Is it possible to reach a consensus with someone whose political opinion differs from your own? What if you both rely on social media like Facebook and Twitter for information about news and politics?
According to a new paper co-authored by Professor Janos Kertesz, head of CEU’s Department of Data and Network Science, the kinds of “echo chambers” created by online media make reaching such a consensus unlikely. Not only do people with vastly different political opinions resist change, even those with less different beliefs have trouble finding consensus between themselves.
“New media use algorithms to deliver information directly to a user’s personal account. The algorithms are not optimized to make users as best informed as possible; they are optimized for popularity.

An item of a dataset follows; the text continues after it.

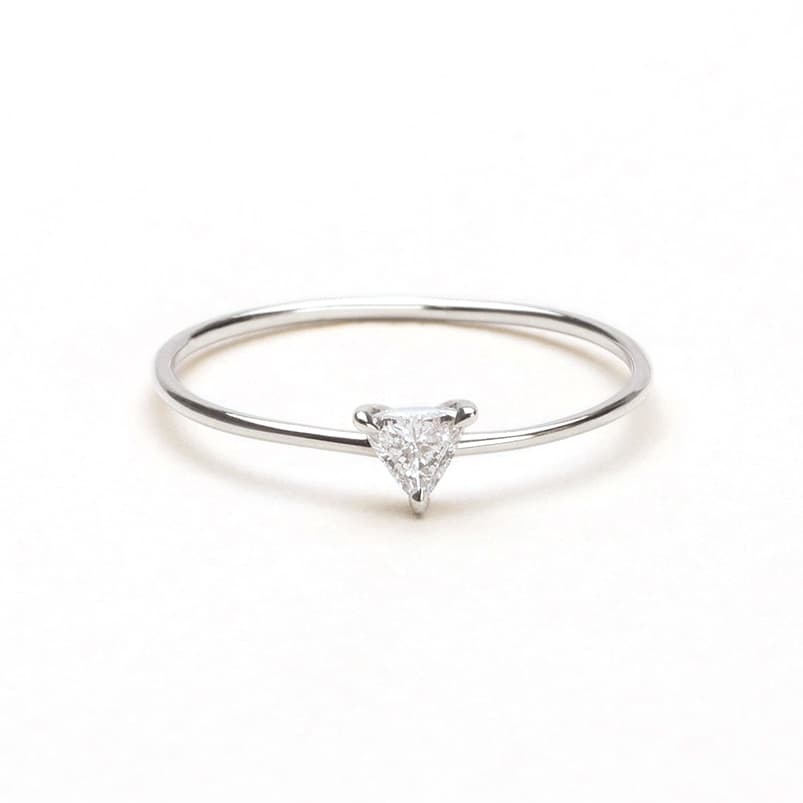 Canard Jewelry Ring Amelia Silver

So, the news that users read is what they want to read, what they like to read—and that has consequences,” said Kertesz.
In Algorithmic bias amplifies opinion polarization: A bounded confidence model, Kertesz and his fellow researchers from the University of Pisa and the Consiglio Nazionale delle Ricerche use data modeling to simulate interactions between individuals with differing opinions. To mimic the effects of social media echo chambers on these interactions, an “algorithmic bias” is applied to the simulations, so that individuals with similar opinions are more likely to interact with each other. This algorithmic bias leads to a greater segregation among individuals’ opinions and, where reaching a consensus is possible, massively lengthens the time needed to reach it.
“This research is just a model, and not a direct description of what happens in a real-life situation, but it does qualitatively describe what we observe in reality,” said Kertesz. “Our results have much to do with our present-day experience of polarized political discourse and phenomena like the worldwide success of populism.”